10 APR 2013 : Two Greenpeace activists dressed as polar bears climb the oil drilling rig West Hercules at an upgrading facility in Ølen, Rogaland in Western Norway. The curious polar bears began inspecting the rig which is due to leave shortly for the Arctic as part of Statoil’s extensive summer drilling program in the northern reaches of the Barents Sea. Nick Cobbing/Greenpeace

This week, the global Actions community within Greenpeace is coming together to share best practices and lessons learned from recent campaigns. These are the people who coordinate the bold, iconic (and often high risk) actions that set Greenpeace campaigns apart and inspire others to take action.

Thijs Notenboom, the Head of Actions at Greenpeace International, coordinates this global community of actions campaigners and is playing an important role in helping the global organisation think about how to bridge digital mobilisation with offline action to achieve greater impact.

In the clip below, Thijs talks about three ways to innovate on the classic real world “actions” model:

  1. remote participation: an online activity can now have an immediate and direct impact on real-world actions (e.g closing of a gate or pipe via steps or clicks)
  2. mobilising more people: rapid communication tools linking supporters or individuals to actions can mobilise people in record time– to get people  in the streets or invite them to join a Greenpeace campaign action (eg.
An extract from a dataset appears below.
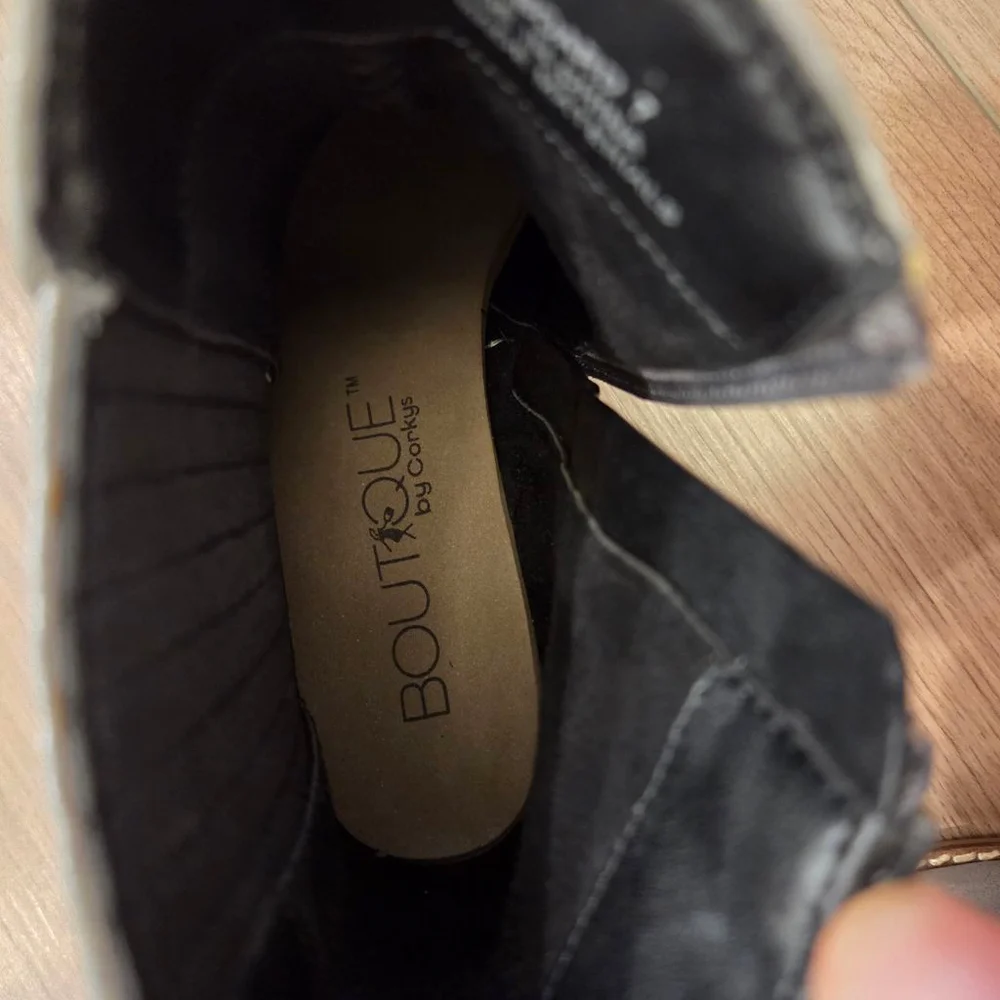 Boutique by Corkys Gray Ankle Boots Size 7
Greenpeace Germany mobilised many people to make a 200,000-person human chain between two power plants)
  3. crowd-powered research: we can work with our global online supporters community to help build intel that powers campaign actions (e.g. does anyone know anyone who could tell us where the oil rig is heading?)

Thijs also sends an important message to digital campaigners and digital mobilisation pros: to achieve truly innovative and breakthrough mobilisation efforts, we need to understand what actions coordinators and campaigners really mean when planning or executing Direct Actions, Direct Communications, Photo Opportunities, and Protests.

The differences between these four tactics are significant, and they play uniquely different roles in winning campaigns. Just as campaigners need to understand how new digital tools and strategies work (like social media) to be effective in designing campaign strategy, digital campaigners need to appreciate the nuances between these types of actions to make valuable contributions to campaign planning.